Os juízes, qual os que perseguiram os inconfidentes, os quilombos, as lideranças populares da nossa história, de maneira geral, querem cortar cabeças, em particular uma: a de Lula.
No caso do Brasil, há um agravante: uma publicidade midiática opressiva, avassaladora.
O juiz que não aderir ao clima de linchamento, é linchado também. Que o diga o ministro Marcelo Navarro Ribeiro Dantas, do STJ, que ousou contestar alguns arbítrios da Lava Jato. Foi o suficiente para se tornar alvo da sanha midiática e da própria Lava Jato, que direcionou suas baterias delatoras contra o ministro.
É uma conjuntura cruel, em que os ministros mais corruptos e mais autoritários são protegidos, blindados, acariciados pela mídia e pelo sistema, enquanto os magistrados mais isentos, mais éticos e preocupados em não aderir ao espírito linchatório que impregna a atmosfera política da ocasião, são atacados, vilipendiados, desmoralizados.
O indiciamento de Lula, por parte de um juiz de Brasília, representa ainda, possivelmente, uma reação do partido do judiciário – ou melhor, do partido dos justiceiros – à denúncia de Lula às Organizações das Nações Unidas (ONU) contra o estado de exceção que vive o Brasil.

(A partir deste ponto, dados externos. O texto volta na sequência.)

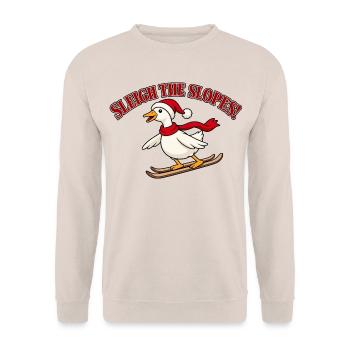 Sleigh The Slopes Ski Duck - Unisex Pullover - Sand - Vorne - Alina (178cm) & Michal (187cm)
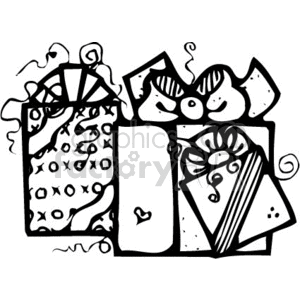The image depicts a black and white clipart of three Christmas presents. Each gift is wrapped differently, with decorative patterns, ribbons, and bows, symbolizing the festive spirit of gift-giving during the holiday season.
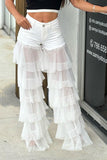 namcoverse Patchwork Rocking Tulle Tiered See-Through Jeans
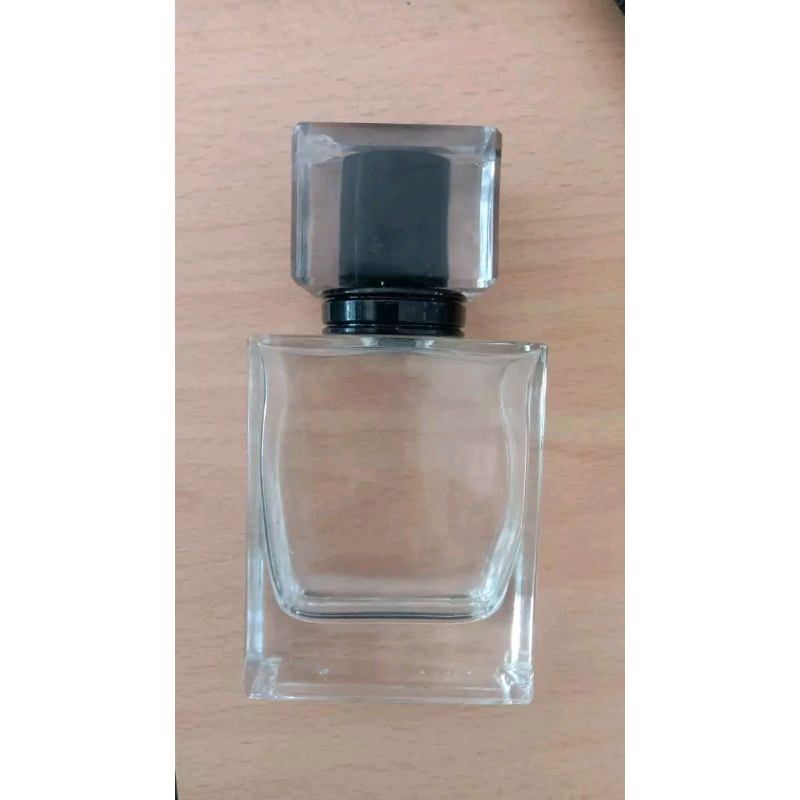 botol parfum kotak crystal tutup hitam 50 ml semi press- botol parfum kotak semi press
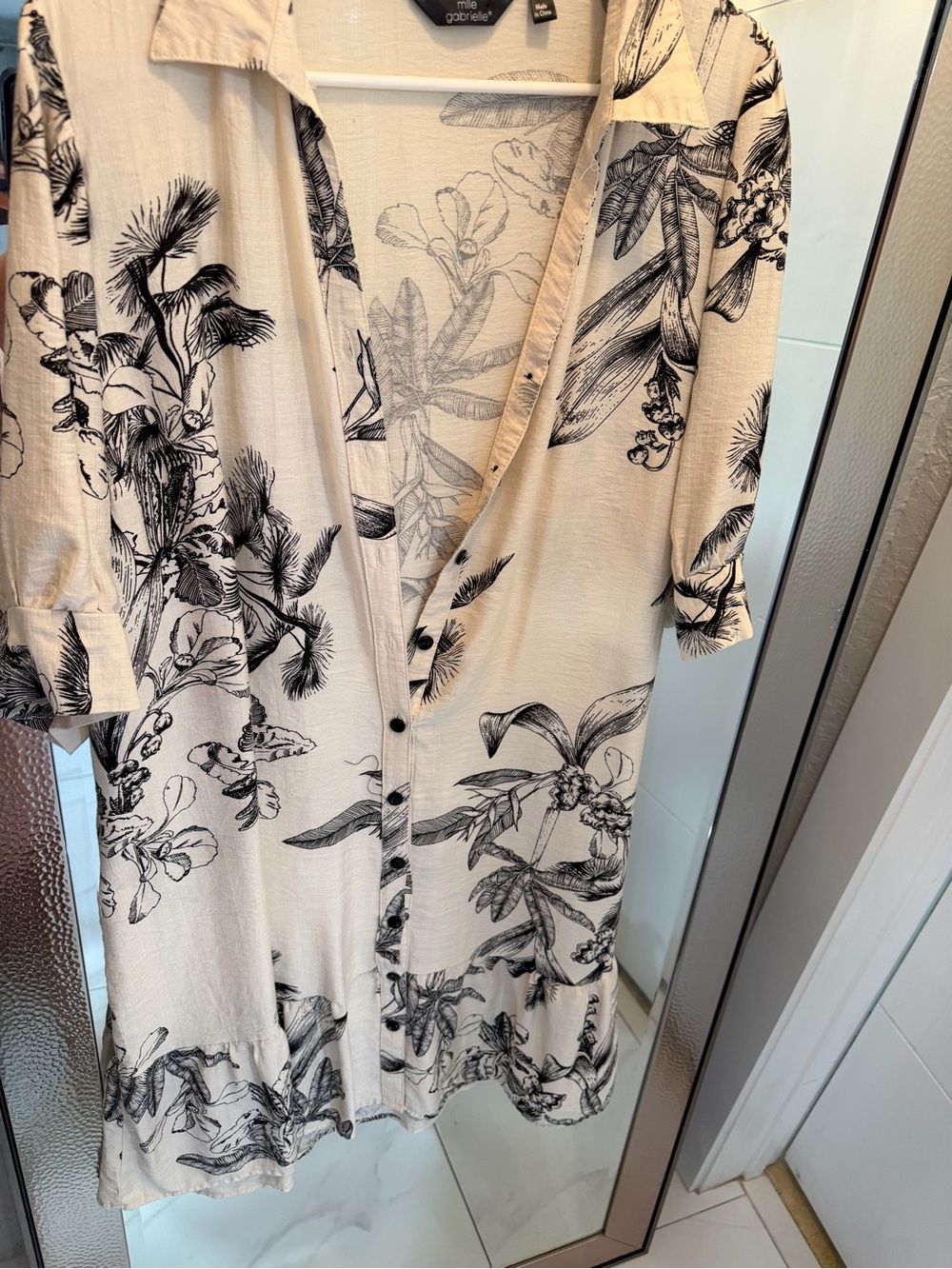 Mlle Gabrielle Beige Floral-Print Women’s Dress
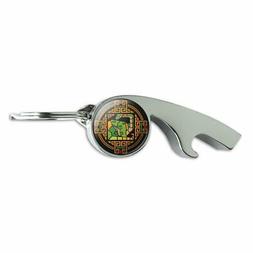 Geometric Apatosaurus Dinosaur Metal Whistle Bottle Opener K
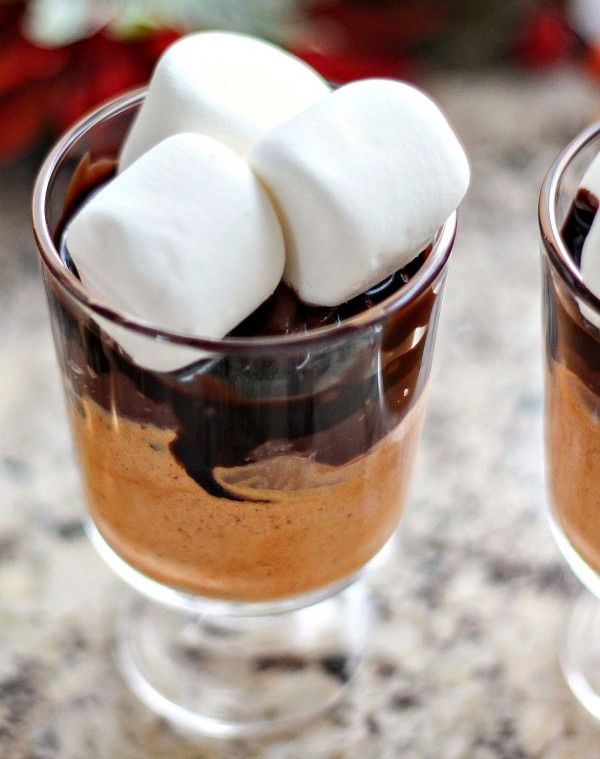 Pumpkin ice cream chocolate pudding trifle with toasted marshmallows Christmas holiday season dessert recipe...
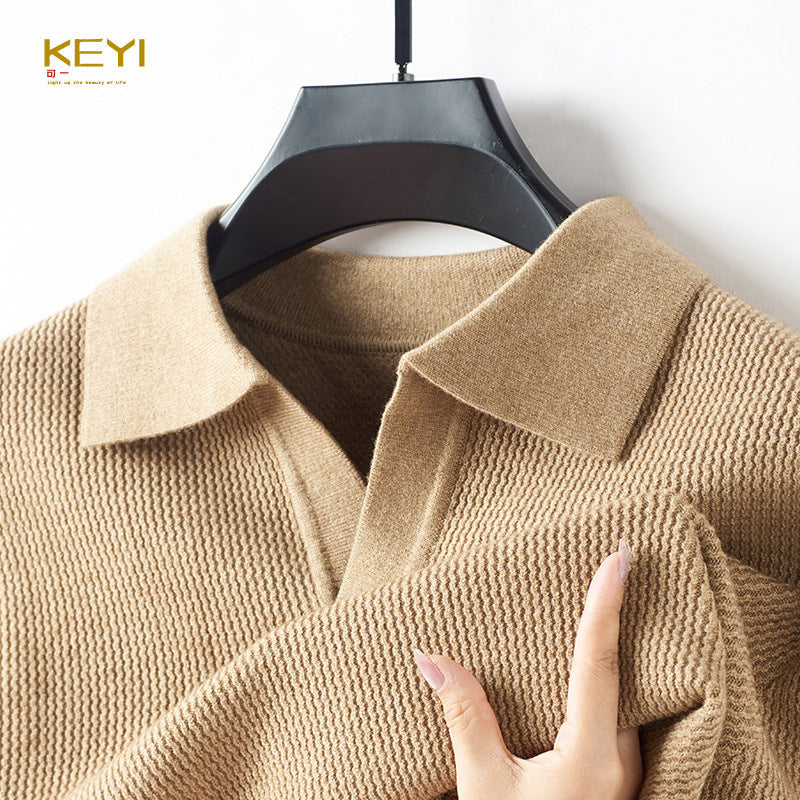 Men’s V-Neck Sweater Korean Style Loose Knitted Polo Top
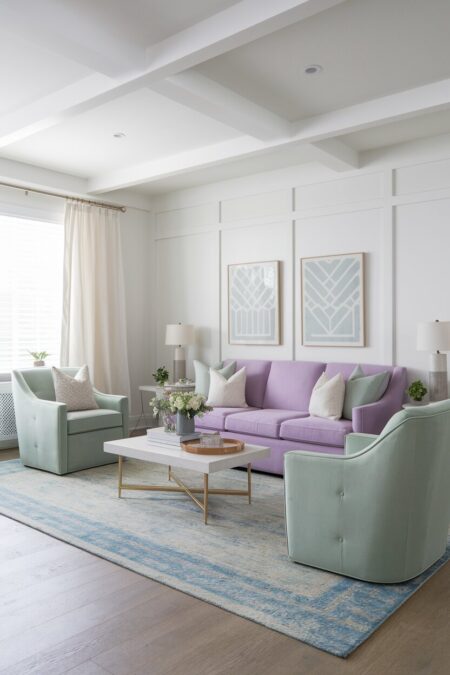 living room with white walls, a lilac sofa, sage green accent chairs, a soft blue rug, and cream throw pillows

Alguns estudiosos, aliás, preferem chamar o partido dos justiceiros de partido da juristocracia, que parece ser um dos piores males da nossa era, pois é uma espécie de reação do autoritarismo ao progresso da democracia no mundo.
Essa juristocracia foi, junto com a mídia nacional (que integra o sistema juristocrático, visto que ela, a mídia, também se transformou num tribunal), protagonista do golpe, e o golpe precisa desmoralizar a figura política que representa tudo aquilo que o golpe veio para destruir.
É preciso aniquilar um ideário centrado no amor ao povo e no respeito a seu voto.
Segundo o ideário golpista, o povo não pode ganhar bons salários, não pode ter tempo para o lazer, não pode ter educação ou saúde públicas, não pode estudar no exterior, não pode ter leis que lhe dêem segurança no trabalho, tem de se aposentar de preferência um minuto antes de morrer.
Para o ideário golpista prevalecer, contudo, é preciso pintar aqueles que defendem o oposto, que defendem as ideias de liberdade política e social para o povo, como ladrões, corruptos, párias.
Além da reação à ONU, o que vemos é também uma intensificação do clima golpista às vésperas da votação do impeachment. Afinal, o golpe foi dado principalmente por dois atores: as castas burocráticas e a mídia. Ambos estão agora trabalhando para assegurar que o golpe se consume sem maiores obstáculos. Para isso é preciso manter Lula acuado, oprimido, debilitado judicialmente.
As acusações à Lula, que são as mesmas para outros sete réus, são surreais. O juiz tirou do fundo do baú as acusações mais subjetivas e vagas de todo o direito penal brasileiro: embaraço à investigação de organização criminosa, que prevê pena de três a oito anos; patrocínio infiel (quando advogado não defende corretamente interesses do cliente – os outros foram considerados coautores), que prevê pena de seis meses a três anos; e exploração de prestígio, que prevê pena de um a cinco anos.
Embaraço à investigação, patrocínio infiel e exploração de prestígio…
Tudo isso numa atmosfera midiática de absurdo linchamento político, com divulgação diária, massacrante, de denúncias (sempre vazias, tipo pedalinhos, “orientação” de cozinha), vazamentos seletivos ilegais, contra o ex-presidente.